- [Problem]: Without reproducing any picture, copy the records word for word.

== Segment start ==

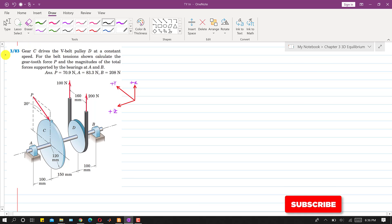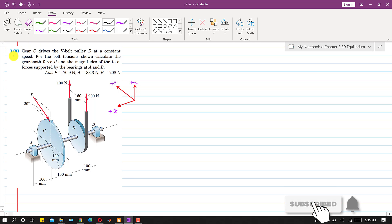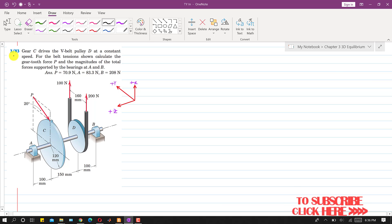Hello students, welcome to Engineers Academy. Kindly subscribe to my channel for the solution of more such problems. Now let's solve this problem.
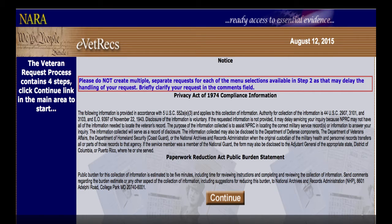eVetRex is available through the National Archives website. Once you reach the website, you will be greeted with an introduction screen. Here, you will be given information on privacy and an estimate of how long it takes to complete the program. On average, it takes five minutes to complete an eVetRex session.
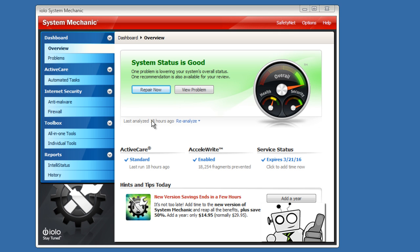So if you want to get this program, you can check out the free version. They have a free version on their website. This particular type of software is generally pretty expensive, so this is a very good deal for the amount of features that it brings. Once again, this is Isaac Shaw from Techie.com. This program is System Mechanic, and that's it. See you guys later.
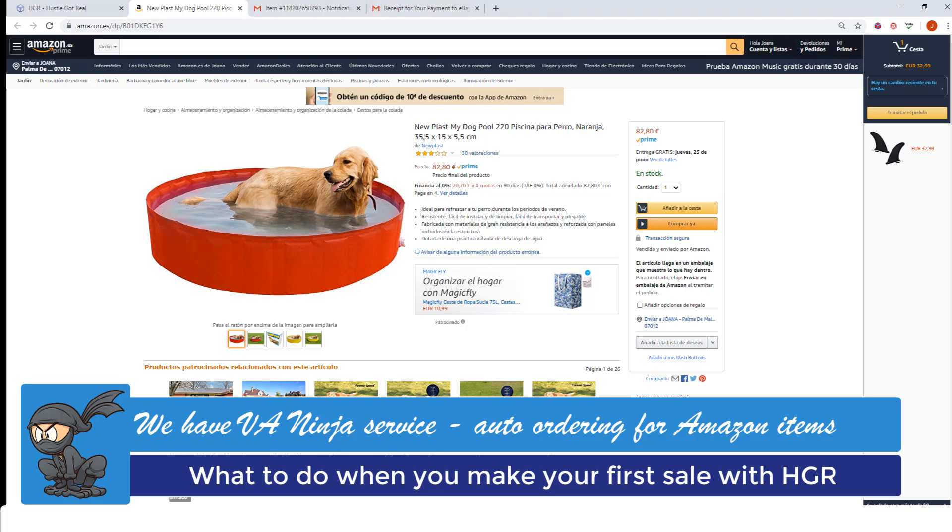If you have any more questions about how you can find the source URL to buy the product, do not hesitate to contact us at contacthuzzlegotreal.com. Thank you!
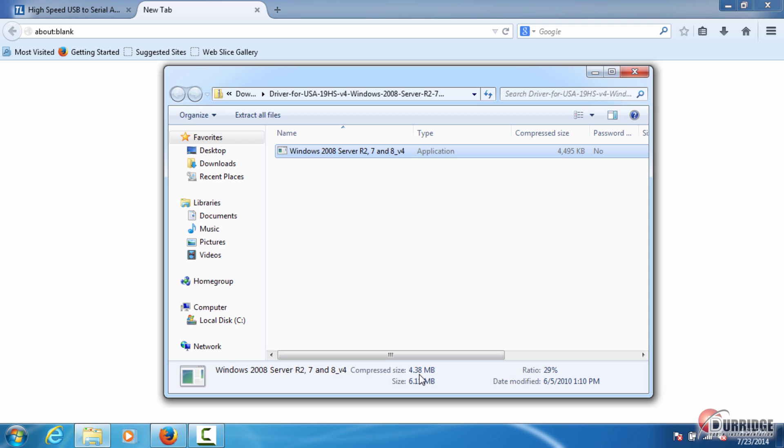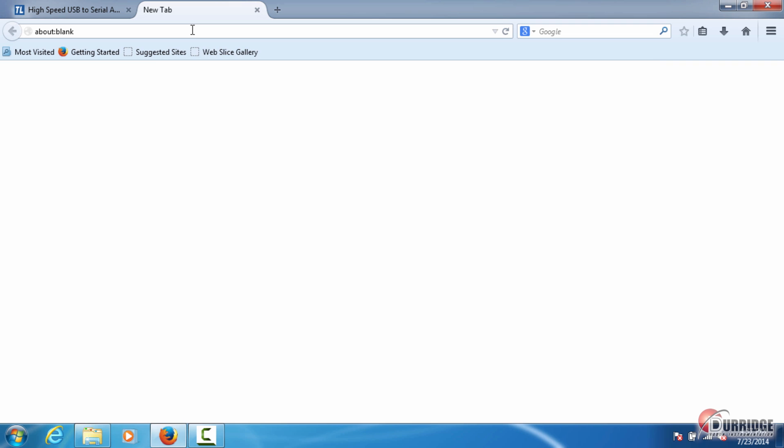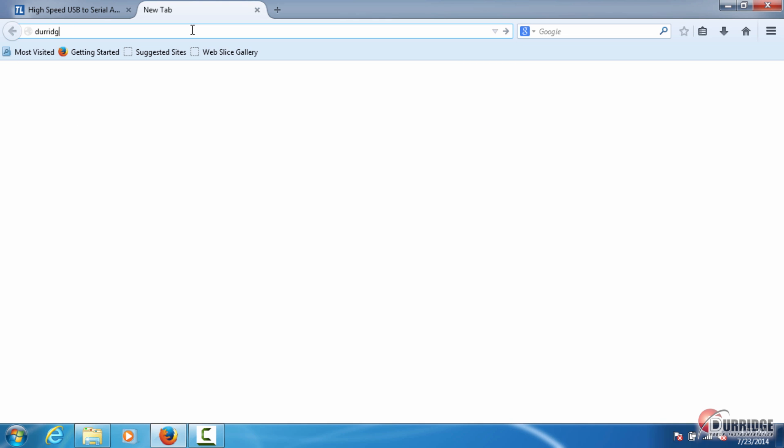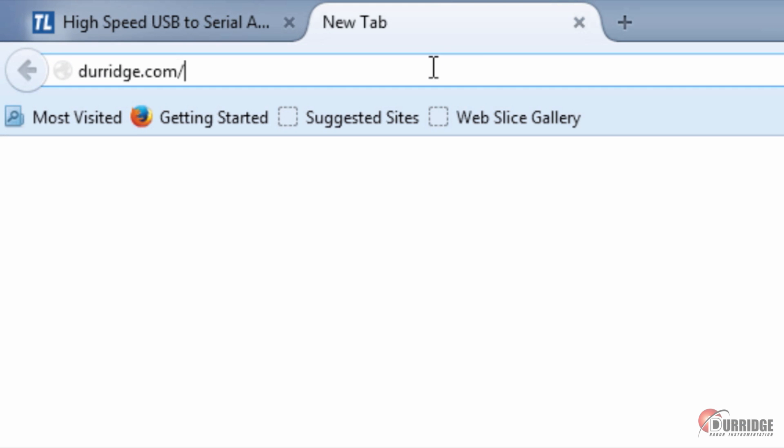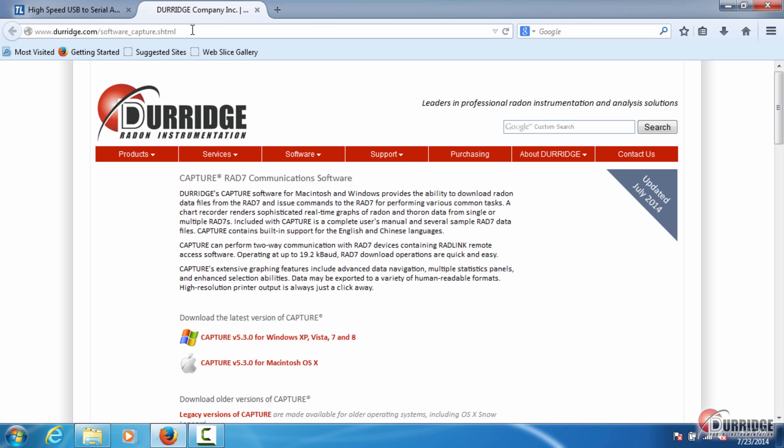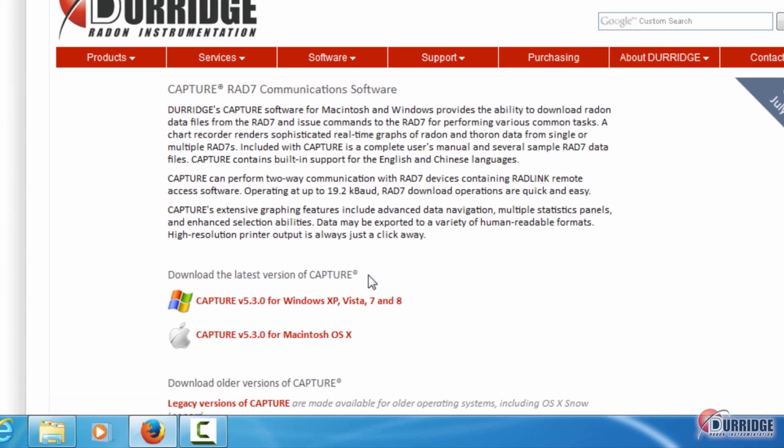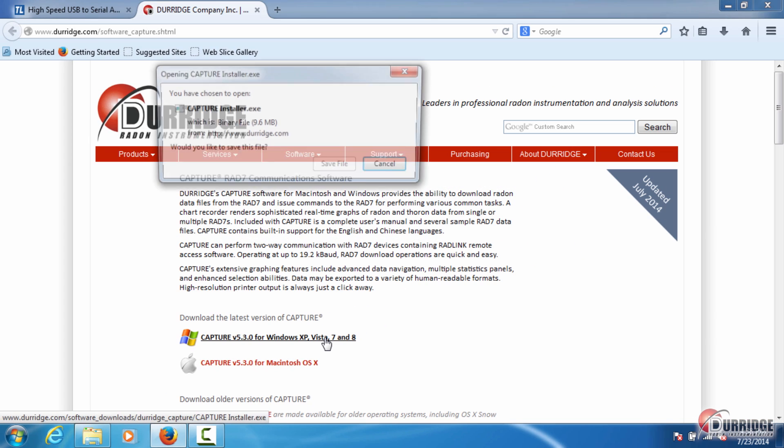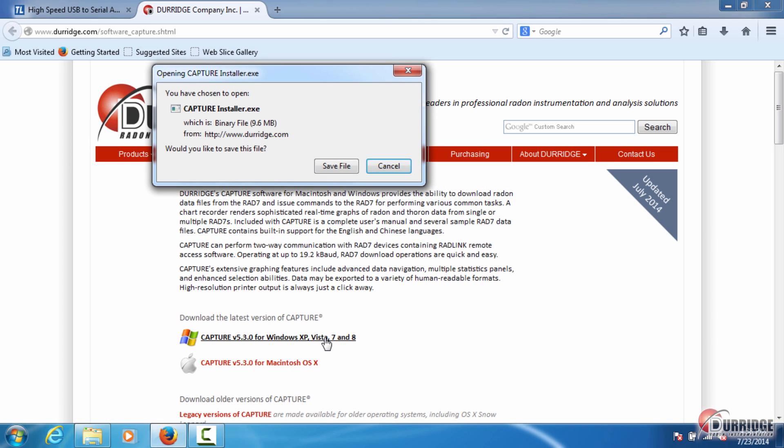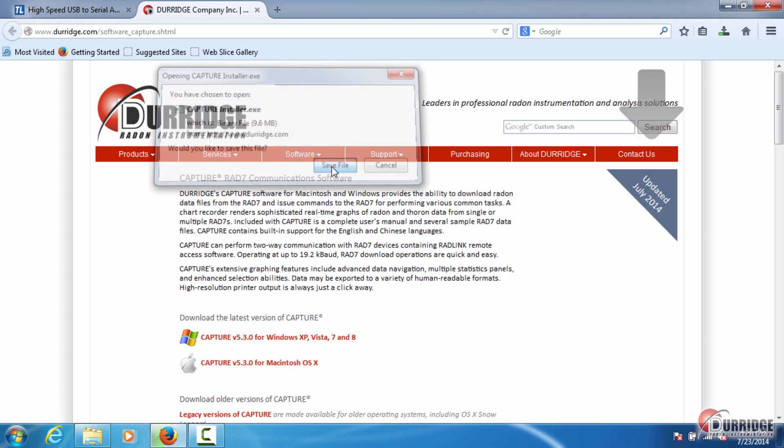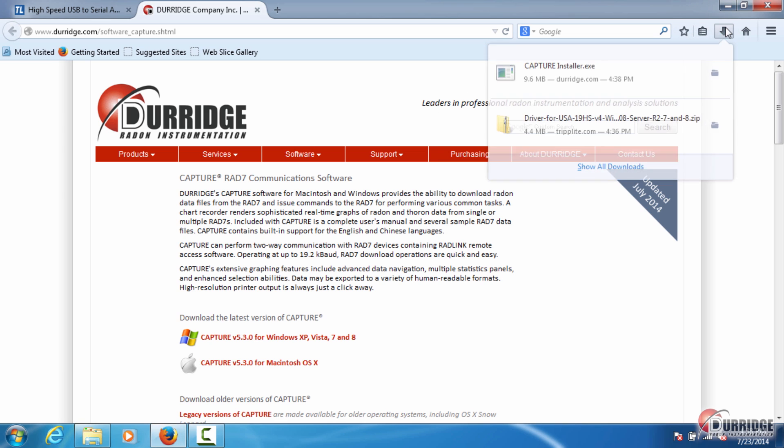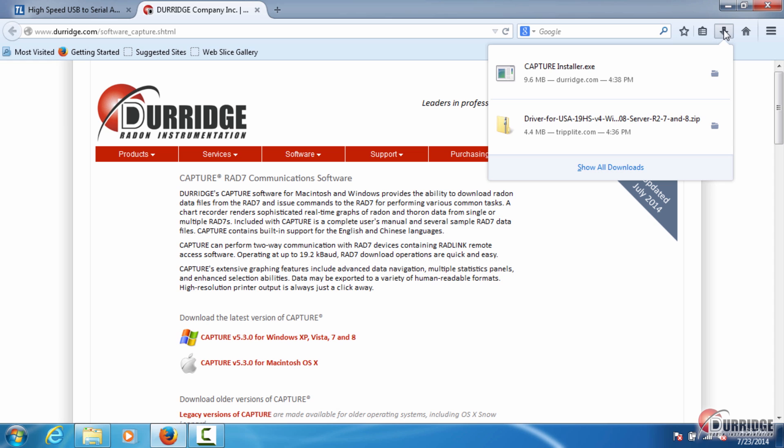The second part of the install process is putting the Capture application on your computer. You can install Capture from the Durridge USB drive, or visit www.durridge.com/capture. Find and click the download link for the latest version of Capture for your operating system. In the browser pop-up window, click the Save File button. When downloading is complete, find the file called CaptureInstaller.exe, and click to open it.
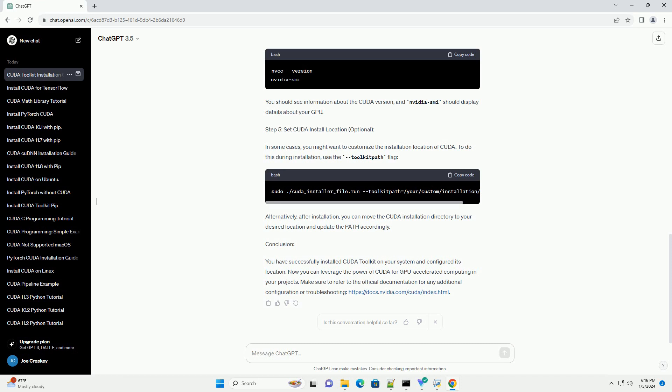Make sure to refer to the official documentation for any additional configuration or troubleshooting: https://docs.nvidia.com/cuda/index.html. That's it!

== Segment end ==

- [Problem solution]:
Hello students, welcome to Engineers Academy. Kindly subscribe to my channel for the solution of more such problems. Now let's solve this problem.
eVetRex is available through the National Archives website. Once you reach the website, you will be greeted with an introduction screen. Here, you will be given information on privacy and an estimate of how long it takes to complete the program. On average, it takes five minutes to complete an eVetRex session.
So if you want to get this program, you can check out the free version. They have a free version on their website. This particular type of software is generally pretty expensive, so this is a very good deal for the amount of features that it brings. Once again, this is Isaac Shaw from Techie.com. This program is System Mechanic, and that's it. See you guys later.
If you have any more questions about how you can find the source URL to buy the product, do not hesitate to contact us at contacthuzzlegotreal.com. Thank you!
The second part of the install process is putting the Capture application on your computer. You can install Capture from the Durridge USB drive, or visit www.durridge.com/capture. Find and click the download link for the latest version of Capture for your operating system. In the browser pop-up window, click the Save File button. When downloading is complete, find the file called CaptureInstaller.exe, and click to open it.
Make sure to refer to the official documentation for any additional configuration or troubleshooting: https://docs.nvidia.com/cuda/index.html. That's it!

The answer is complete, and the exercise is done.